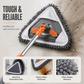 🎁2026 New Arrivals 50% OFF💥Triangular Cleaning Mop with Extendable Pole – 360° swivel, washable pads & lightweight – Cleans floors, walls & corners with ease ✨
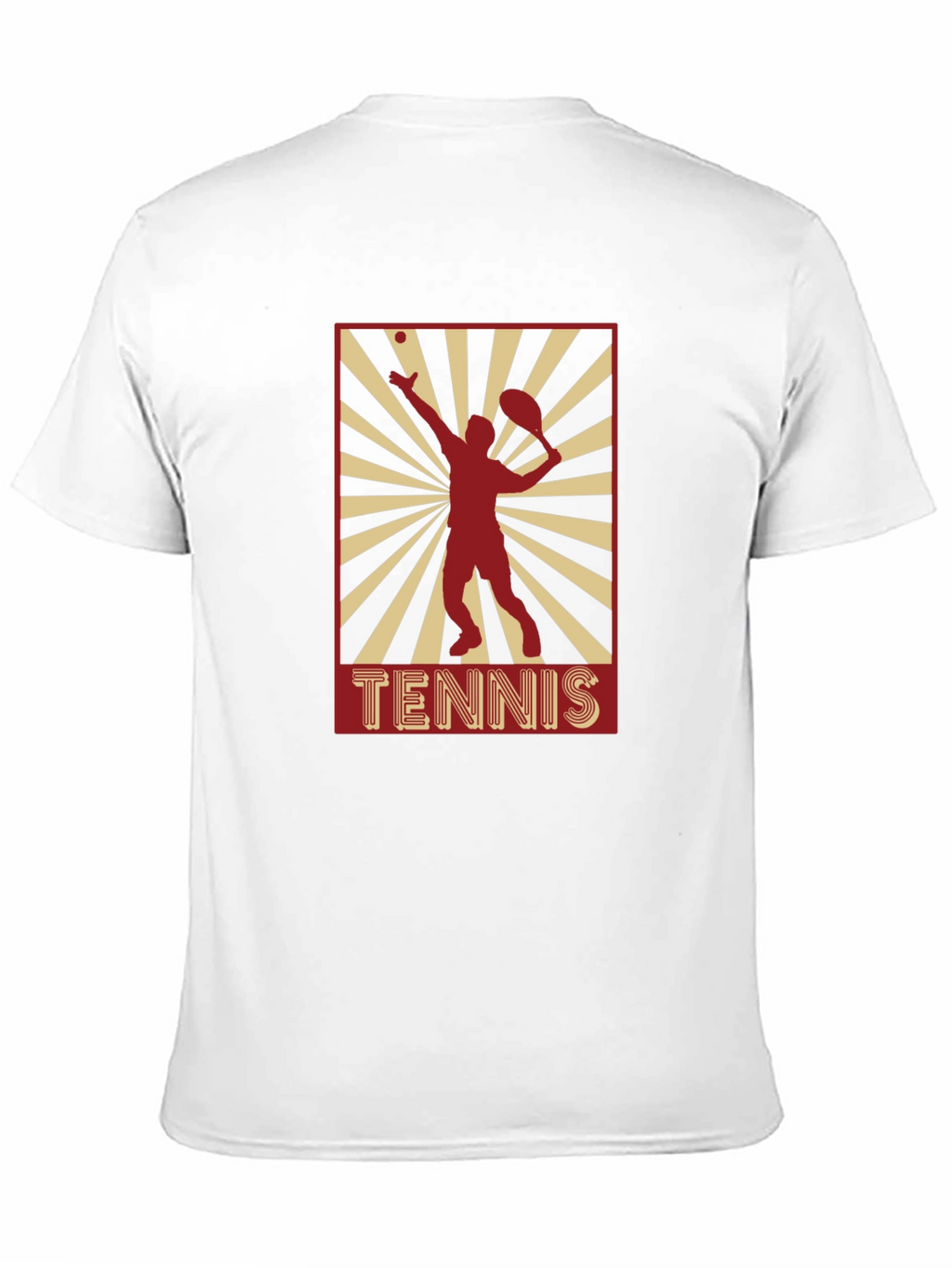 Tennis Player Graphic T-Shirt - Black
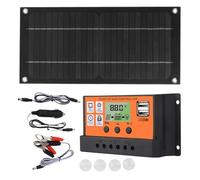 Kit di pannelli solari portatili, kit pannelli solari per capannone | Kit di batterie per pannello solare per veicoli - Kit pannello solare per camper ad alta efficienza 600 W 100 A 18 V con controllo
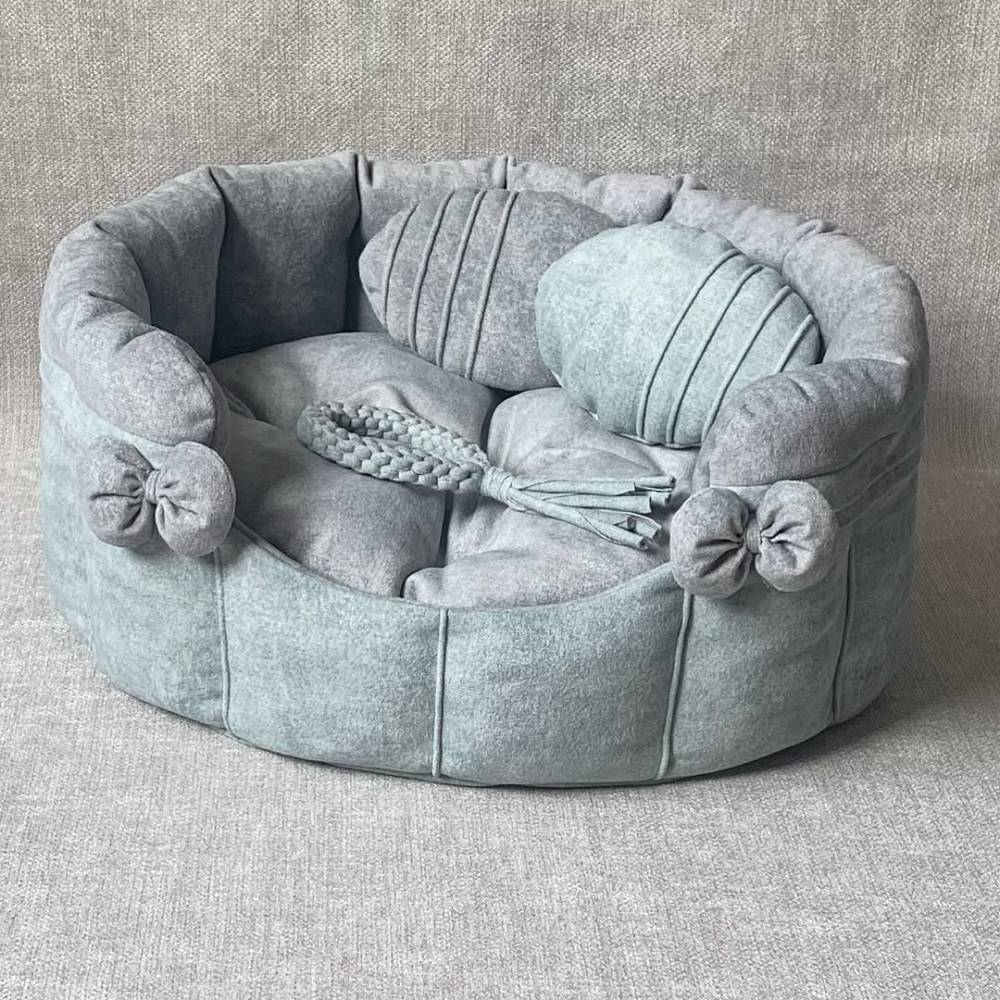 Panier pour chien bleu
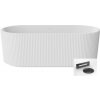 Besco GIULIANA voľne stojaca akrylátová vaňa s prepadom 170 x 80 cm, #WAS-170-GLG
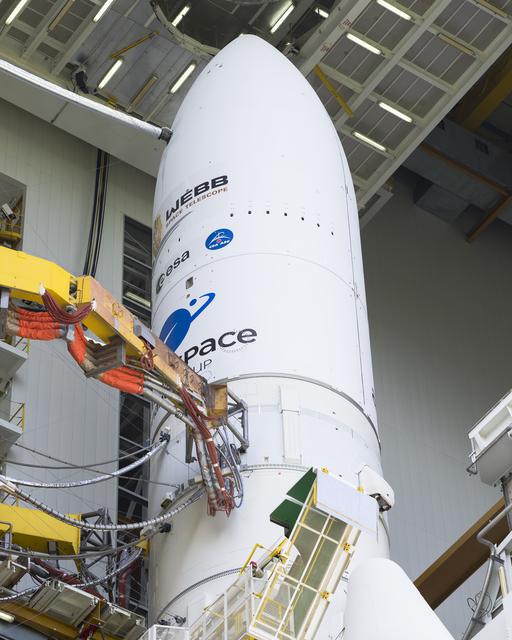 NASA image: Prelaunch of Ariane 5 with James Webb Space Telescope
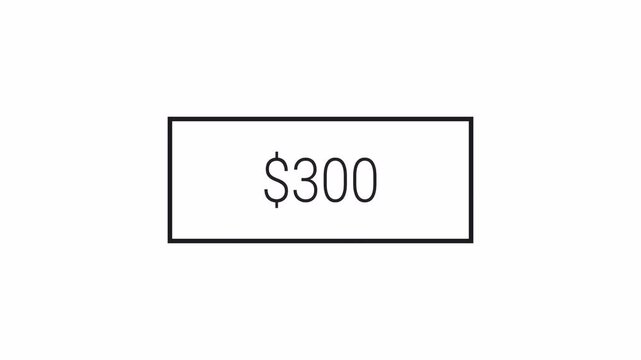 10 Second 600 Dollar Countdown Timer with Rectangle
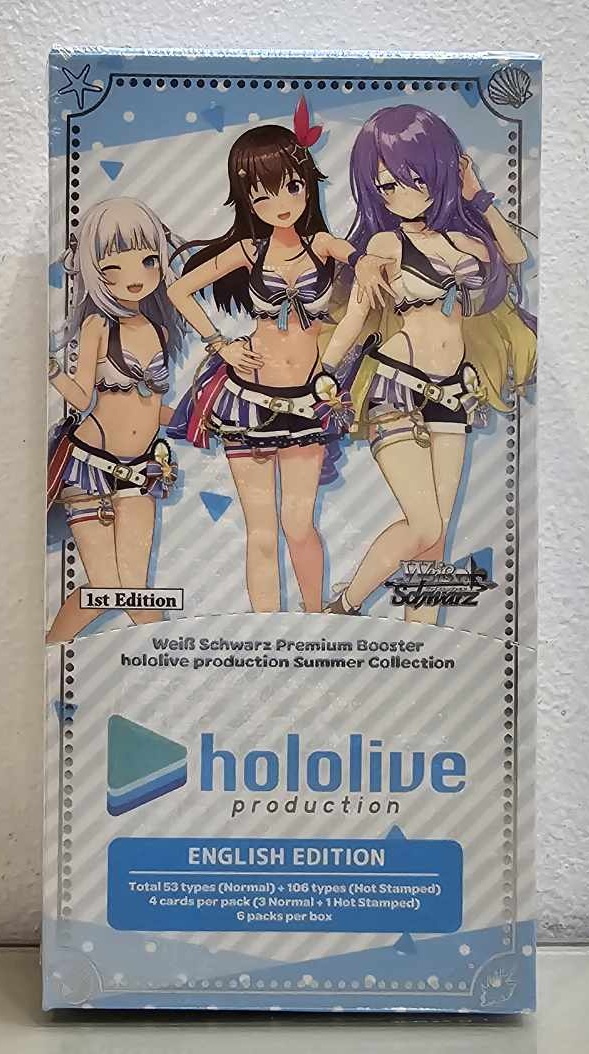 Weis Schwarz TCG Hololive Production Premium Booster Summer Collection 6 Packs Men'S Abstract Strategy Game 6-8 Years Collection Interest - Lazada | Lazada PH Weis Schwarz TCG Hololive Production Premium Booster Summer Collection 6 Packs Men'S Abstract Strategy Game 6-8 Years Collection Interest - Lazada | Lazada PH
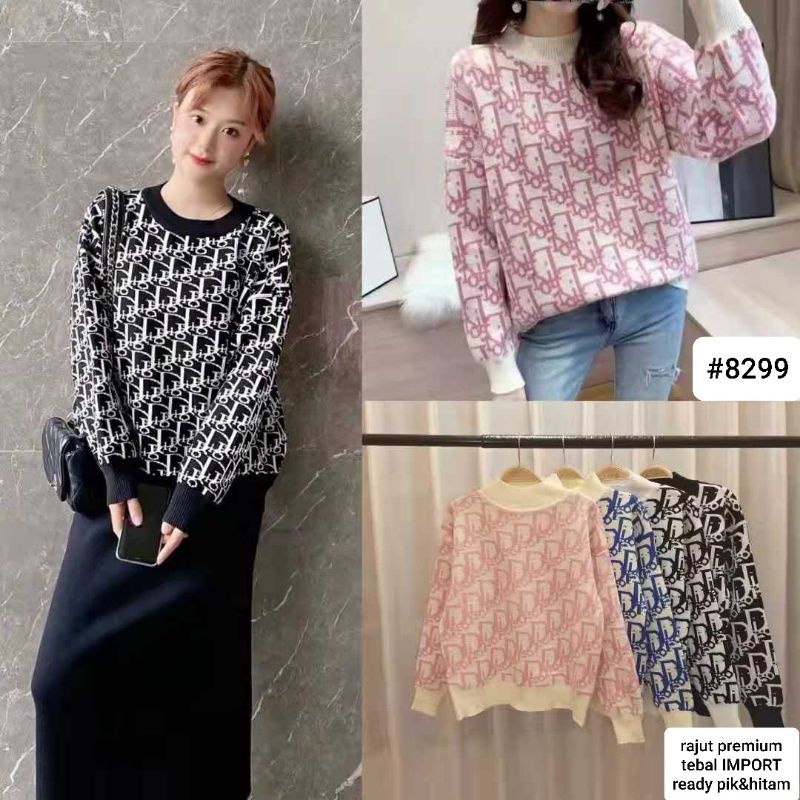 Sweater wanita Rajut Premium 8299 cDior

◆ ◆ ◆

WORK ITEM >>
In the copy, include each line from the start of the material through the line with "10 Second 600", word for word, but none of the pictures.

SOLUTION FOR THIS TASK >>
 🎁2026 New Arrivals 50% OFF💥Triangular Cleaning Mop with Extendable Pole – 360° swivel, washable pads & lightweight – Cleans floors, walls & corners with ease ✨
 Tennis Player Graphic T-Shirt - Black
 Kit di pannelli solari portatili, kit pannelli solari per capannone | Kit di batterie per pannello solare per veicoli - Kit pannello solare per camper ad alta efficienza 600 W 100 A 18 V con controllo
 Panier pour chien bleu
 Besco GIULIANA voľne stojaca akrylátová vaňa s prepadom 170 x 80 cm, #WAS-170-GLG
 NASA image: Prelaunch of Ariane 5 with James Webb Space Telescope
 10 Second 600 Dollar Countdown Timer with Rectangle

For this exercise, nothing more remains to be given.